Joy shot me a look. She wasn’t sure if I was being facetious or getting into character.

The mom led me into one of those big family rooms that rich people have, facing the back of the house. A table was piled high with gifts. Ten girls were watching some tweeny-bopper, boy-band concert movie on the largest screen in the Western Hemisphere.

“Look who’s here!” The mom turned off the TV, and the room erupted in protests.

“Wait … the best part is coming,” one of the girls said.

“But it’s time for the big surprise.” The mom held out her hands toward me, still standing in the doorway. The girls turned and stared.

Silence.

The script I had spent all week memorizing was for four-year-olds. These girls looked like they wanted to cut me in pieces and throw me into piranha-infested waters.

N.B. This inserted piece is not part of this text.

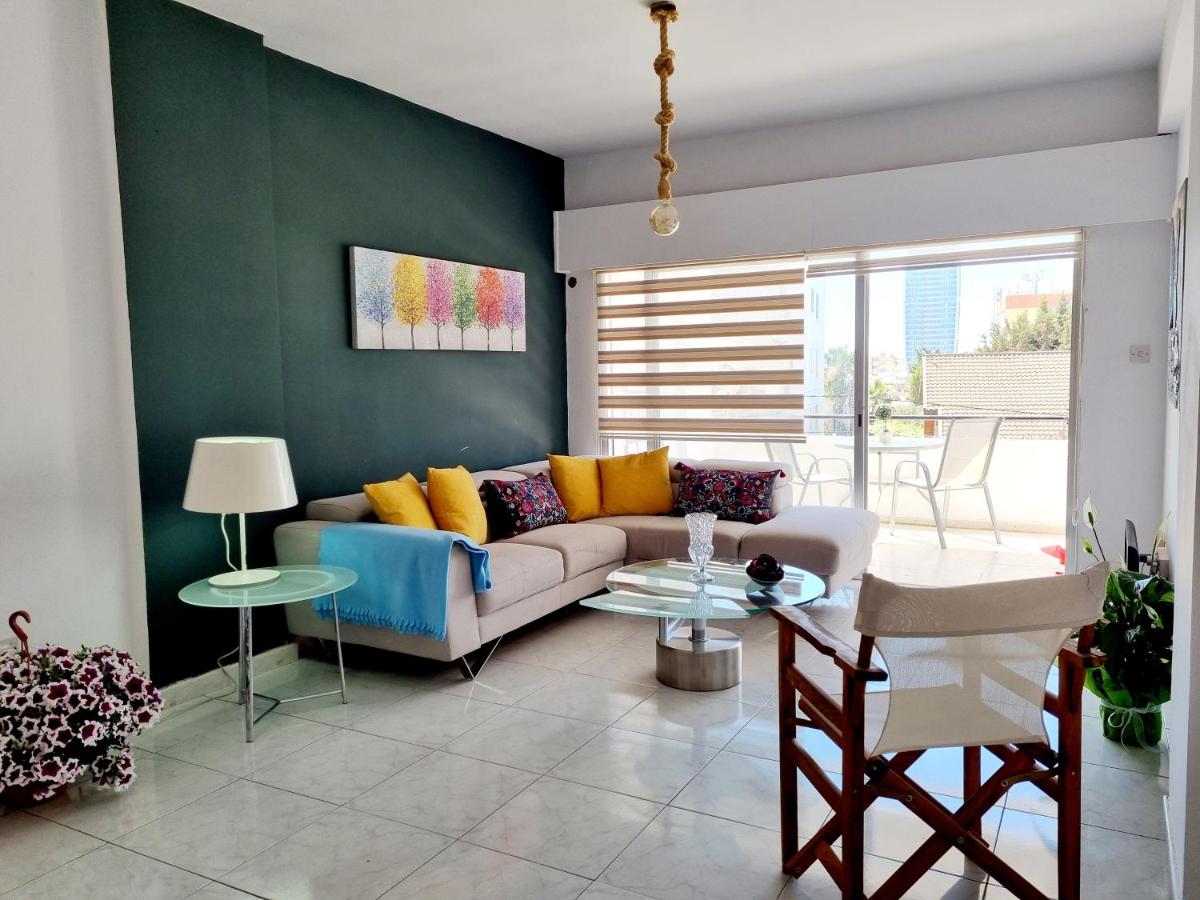 Ikaros Boutique Apartment - Housity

Even though I knew it was ridiculous, the script was all I had, so I smiled and said my first few lines. “Hi. I’ve been swimming around all morning searching for a birthday girl to see. I know there’s one here.… Who could it be?”

Dead silence.

“Here she is,” the mom said. “It’s Samantha!” She tried to pull her daughter to her feet.

One girl said to another, “Why is her face orange?”

I wanted to turn and make a run for it.

“Hold on. I have to record this.” The dad walked
in, holding his cell phone up, video rolling. “Look, it’s Ursula!”

“Ariel,” the mom corrected him.

“Hi, Samantha,” I said. “Happy birthday.”